Escuché decir una vez a un economista británico que hace 100 años los dos países económicamente más prometedores eran Argentina y Estados Unidos (como hoy, China e India). Los detractores del peronismo quizá incluirían en el listado histórico a la decadencia gaucha aún en proceso. Por su parte, Ayn Rand, escritora ruso-estadounidense, imaginó (algunos consideran que profetizó) la decadencia americana. En su novela “La Rebelión de Atlas” propuso una distopía en la que la sociedad se olvida del principio de causalidad y ya no sabe cómo crear riqueza, obsesionada por distribuirla. Dejando de lado su disparate económico de un refugio de creadores de riqueza que, contraviniendo toda la teoría y práctica del comercio internacional, florece en la autarquía –cual la ‘Wakanda’ de Marvel–, su descripción del colapso social que genera la pérdida –u olvido– del conocimiento de los más hábiles resulta elocuente: todo deja de funcionar, desde los trenes hasta los bancos, y la sociedad poco a poco se va disolviendo en su propia incompetencia.
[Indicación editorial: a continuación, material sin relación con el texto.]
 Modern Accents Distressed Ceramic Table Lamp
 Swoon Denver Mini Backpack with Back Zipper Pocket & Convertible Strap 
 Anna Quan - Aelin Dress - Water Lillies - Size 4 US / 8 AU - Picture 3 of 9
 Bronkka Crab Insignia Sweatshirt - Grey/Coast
Rand –feroz antiestatista– se revolcaría en su tumba al enterarse de que la evoco para describir lo que viene ocurriendo con el Estado Peruano. El amiguismo, el sectarismo y la complicidad delincuencial del gobierno de Pedro Castillo vienen tomándolo por asalto y desplazando –no tan de a pocos– a sus gestores públicos más competentes. Como resultado, todo colapsa: campea la delincuencia común, estalla por doquier la conflictividad social, las carreteras son bloqueadas, no se construyen obras públicas, los ciudadanos no pueden tramitar sus documentos literalmente por meses. Aunque lejos de ser mayoritariamente funcional, hay un bagaje de gestión pública acumulada que se está perdiendo, acaso para siempre, como perdieron los tasmanos el arte de la pesca y los pigmeos, el de la combustión. Recordemos que, hasta en las leyes de la física, construir (y reconstruir) siempre demora más que destruir, y todos nuestros logros civilizatorios se basan en la acumulación cognitiva intergeneracional. Subirnos a los hombros de gigantes es literalmente la historia de la humanidad.
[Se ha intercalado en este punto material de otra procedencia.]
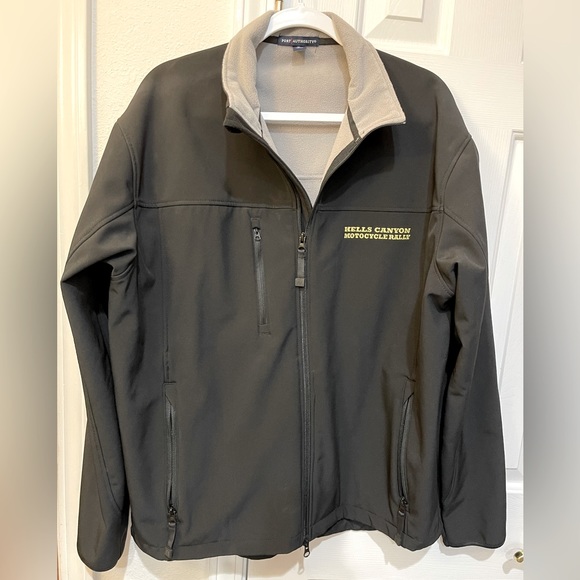 NWOT HELLS CANYON MOTOCYCLE RALLY COMMEMORATIVE JACKET. Port Authority. Dbl Zip! - Picture 1 of 10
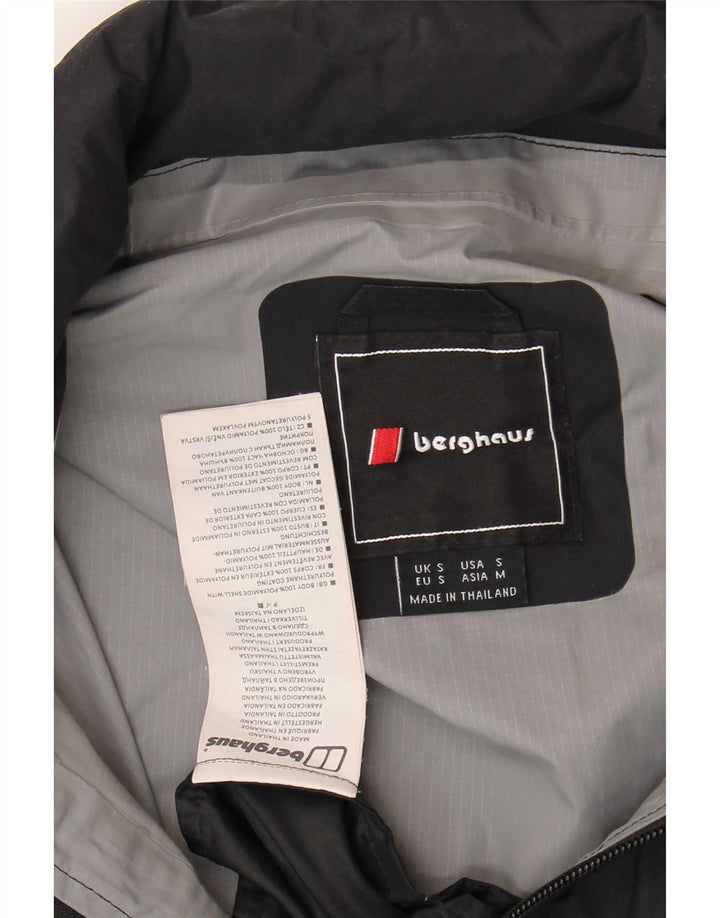 Berghaus Mens Hooded Rain Jacket UK 36 Small Black Colourblock Polyamide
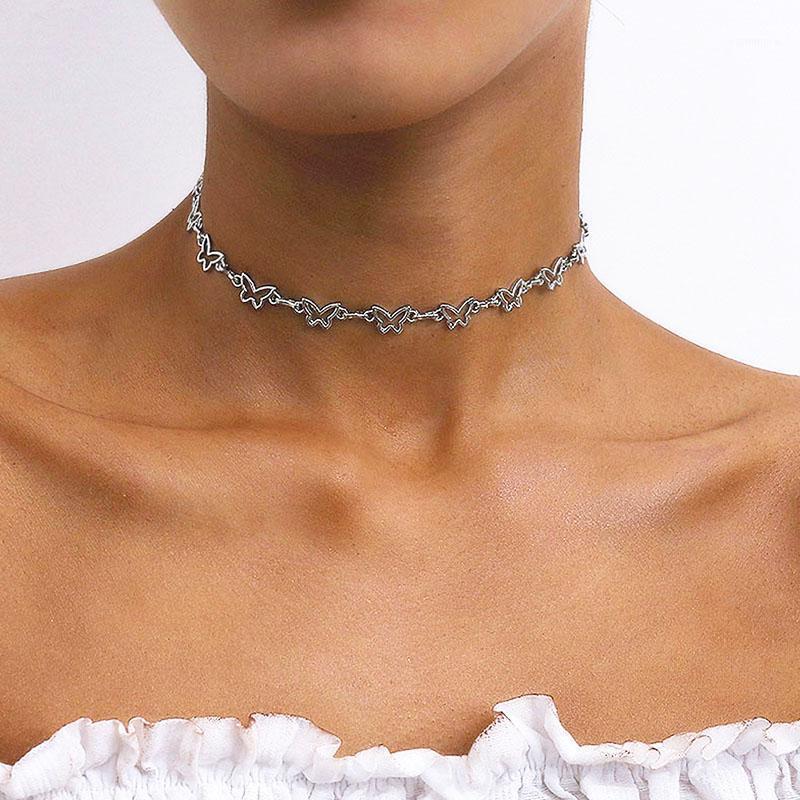 Simple Temperament Hollow Butterfly Choker Necklace Women Elegant Fashion Chocker Geometric Clavicle Necklace Jewelry XR31261
Simple Temperament Hollow Butterfly Choker Necklace Women Elegant Fashion Chocker Geometric Clavicle Necklace Jewelry XR31261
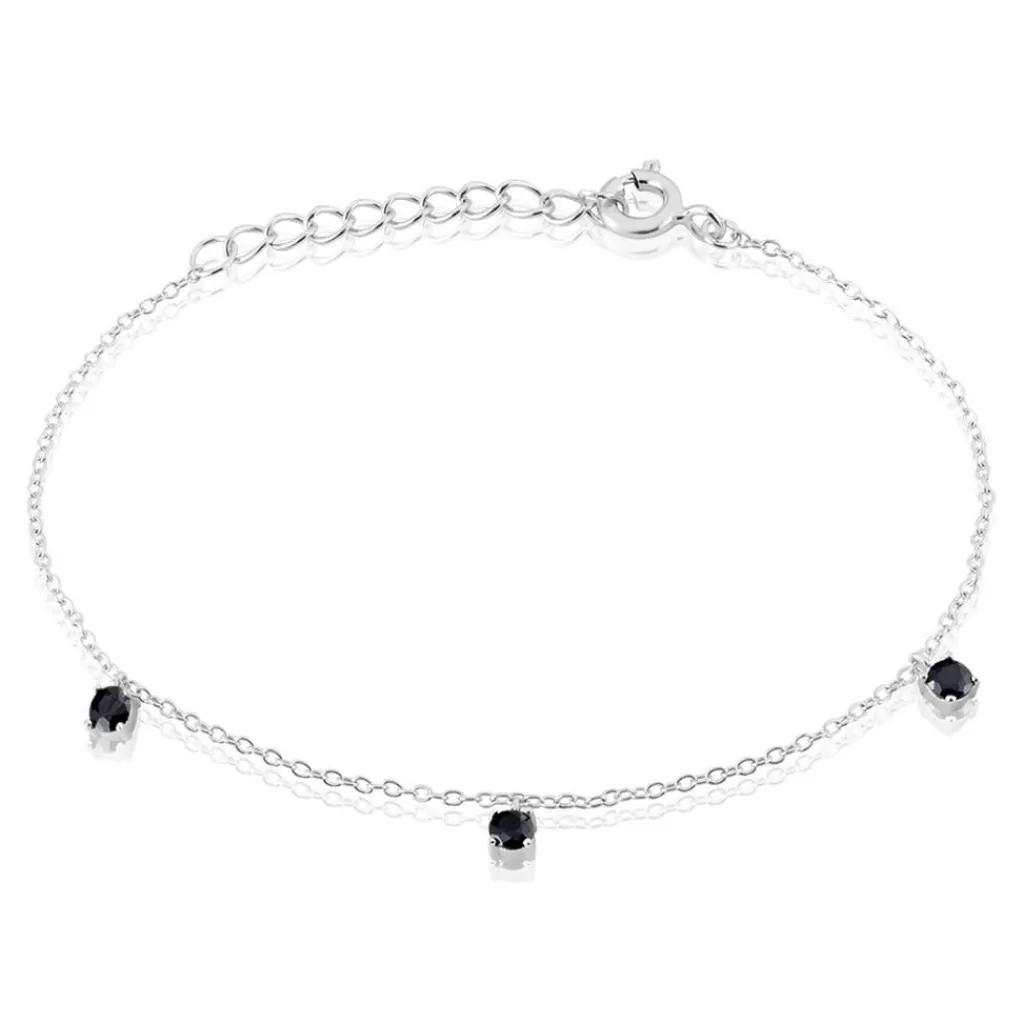 Histoire d'Or Bracelet Callias Argent Blanc Oxyde De Zirconium Noir Outlet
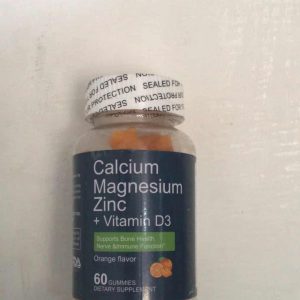 Calcium Magnesium Zinc with Vitamin D3, 60 gummies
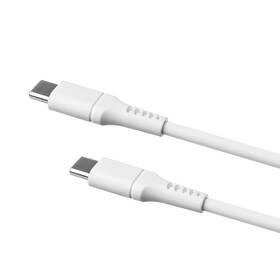 Kabel FIXED Liquid silicone USB-C/USB-C s podporou PD, 60W, 0,5m bílý

 obrázek produktu 3 z 8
Por lo anterior, no resulta exagerado anticipar que el daño que este Gobierno está produciendo al desbaratar lo poco que aún funciona en el Estado podría resultar catastrófico. Subestimarlo sería una frivolidad. La imperativa terminación anticipada del actual Gobierno ya no solo es, por tanto, una erudita discusión constitucional ni un mero cálculo político coyuntural. Podría significar la única forma de salvar el ‘know-how’ tecnocrático acumulado por décadas. Un reciente artículo de Anne Applebaum en “The Atlantic” llama la atención sobre el error de dar por sentada la democracia liberal en Occidente como si fuera una inevitabilidad historicista –un destino manifiesto– y reclama la necesidad de tomar acción permanente y proactivamente para salvaguardarla y mejorarla. Se trata, pues, de un constructo continuamente en obra. Lo mismo puede decirse de la gestión pública. Ambas pueden colapsar si no trabajamos persistentemente en ellas.
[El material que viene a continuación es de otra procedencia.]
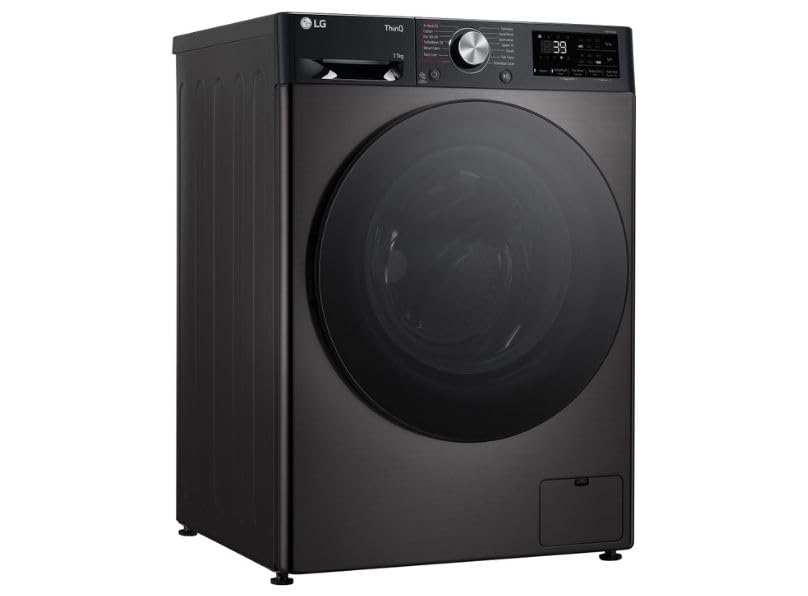 TurboWash™ 11kg Washing Machine with 1400 rpm, Steam™, AI DD™, A Energy Rated in Black Metallic - Amazing Gadgets Outlet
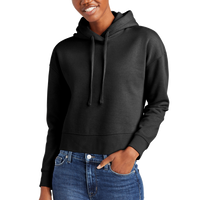 District Women's V.I.T. Fleece Hoodie, Black, Front view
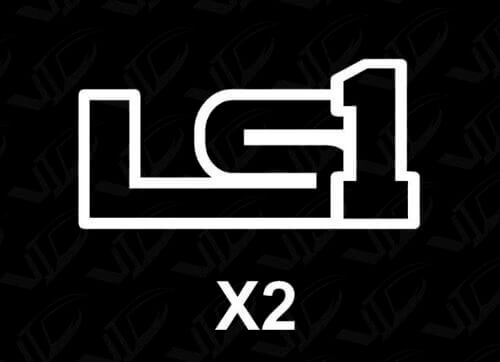 LS1 Vinyl Decal Stickers Set for Camaro Corvette GTO SS Z28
Eso, en el Perú, pasa hoy ineludiblemente por la salida de Pedro Castillo de la Presidencia, por decisión suya o del Congreso de la República. La opinión pública, al parecer ya desatada, debe persistir por ello en el ejercicio de su derecho a la protesta pacífica, pero insistente e irrenunciable. Ya otras veces ha logrado doblegar la acomodaticia inacción o apatía de los políticos. El enérgico clamor –de librarnos de Castillo– será menos dañino que el olvido colectivo del arte de gobernar y gestionar el Estado que su nefasto régimen viene perpetrando.